Adegan goro-goro dalam pentas wayang yang juga penuh canda, dimainkan melalui dialog Sang Dalang dengan tiga orang lainnya sebagai tokoh wayang orang, masing-masing sebagai Gareng (Pangadi dari Sanggar Wonoseni Bandongan), Petruk (Dian Sutopo dari Sanggar Andong Jinawi, Gunung Andong), dan Bagong (Timbul dari Sanggar Lumaras Budoyo Petung, Gunung Merbabu). Dalam adegan itu, Sang Dalang memainkan wayang kulit dengan lakon Semar.

Pentas wayang dengan lakon "Suryatmaja-Surtikanthi" bertutur tentang kisah cinta kedua tokoh itu. Suryatmaja adalah anak Dewi Kunti dengan Batara Surya, sedangkan Surtikanthi, putri Prabu Salya dengan Dewi Setyawati.

Prabu Salya menjodohkan Surtikanthi dengan Duryudana, tetapi Surtikanthi lebih mencintai Suryatmaja meskipun lelaki itu hanyalah anak kusir kereta. Keduanya sering melakukan pertemuan rahasia di taman keraton.

Pada suatu pertemuan, prajurit kerajaan memergoki mereka. Suryatmaja kabur, sedangkan prajurit kemudian melapor kepada Prabu Salya. Surtikanthi pun menjalani sidang keluarga.

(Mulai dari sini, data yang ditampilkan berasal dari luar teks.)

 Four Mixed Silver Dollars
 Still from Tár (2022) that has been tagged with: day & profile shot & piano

"'Tresna punika, mboten ngetang derajat, pangkat, lan bondho, sarta jejer rupa pawakan, nanging cocoking ati'. (Cinta bukan memperhitungkan derajat, pangkat, harta benda, dan wajah. Akan tetapi kecocokan dan getaran hati, red.)," demikian kalimat pembelaan Surtikanthi di depan ayahnya dalam adegan sidang keluarga itu.

Prabu Salya dikisahkan tetap ingin menjodohkan putrinya itu dengan Duryudana. Dikisahkan, Suryatmaja ditangkap Raden Permadi yang sedang merias Surtikanti untuk uparaca perkawinan dengan Duryudana. Keduanya dihadapkan kepada Prabu Salya.

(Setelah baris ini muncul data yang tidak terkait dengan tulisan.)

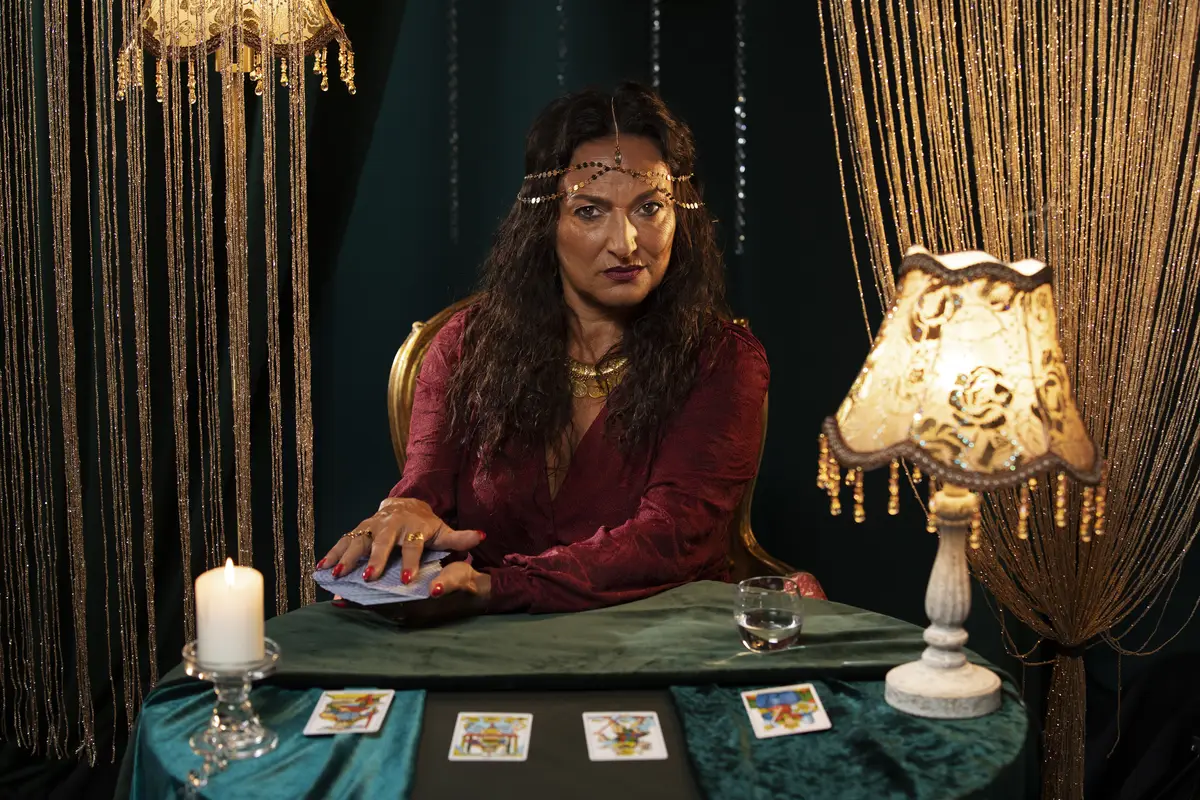 Fortune teller with tarot cards medium shot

Dalam pertemuan mereka dengan Prabu Salya, diceritakan Surtikanthi berikrar untuk sehidup semati dengan Suryatmaja. Prabu Salya luluh dan menerima kenyataan bahwa mereka benar-benar saling mencintai.

Datang raja raksasa, Prabu Karnamandra dari Kerajaan Awangga ke Mandaraka, untuk memaksakan diri memperistri Surtikanthi. Karnamandra terlibat perang tanding dengan Suryatmaja. Kemenangan Suryatmaja, membuat dia dengan Surtikanthi mendapatkan Kerajaan Awangga dan dikisahkan hidup bahagia di kerajaan itu.

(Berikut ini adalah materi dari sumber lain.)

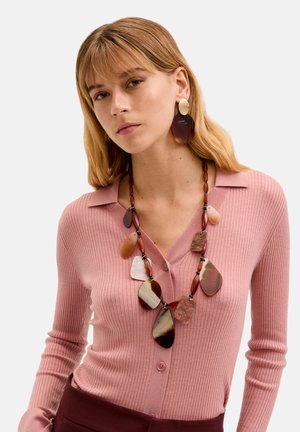 Perlekæde med store, farverige, ovale stykker i nuancer af brunt og creme, båret med en lyserød ribbet cardigan.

"Kisahnya memang tentang cinta dua tokoh utama itu, akan tetapi sifat keteguhan hati, tak sekadar menyangkut cinta antara manusia. Keteguhan juga untuk soal menentukan pilihan," kata Sang Dalang.

Hari-hari ke depan hingga awal 2014, suasana kehidupan masyarakat kental dengan persoalan pemilihan umum, sedangkan warga Kabupaten Magelang pada 27 Oktober 2013, akan memilih kepala daerahnya.

"Keteguhan untuk menggunakan hak suara, juga dibutuhkan untuk memilih pemimpin secara benar," katanya.

Ketua Komunitas Lima Gunung, Supadi Haryanto, mengemukakan terlalu sederhana kalau memahami lakon itu, sebagai sekadar soal percintaan antara lelaki dengan perempuan.

"Itu adalah juga cerita tentang sikap teguh terhadap suatu pilihan. Ini akan pesta demokrasi, masyarakat harus menentukan pilihan untuk menjatuhkan suaranya. Lakon 'Suryatmaja-Surtikanthi' memberi pelajaran nilai politik juga. Siapkan dengan teguh suara untuk dibawa dalam pesta demokrasi," katanya.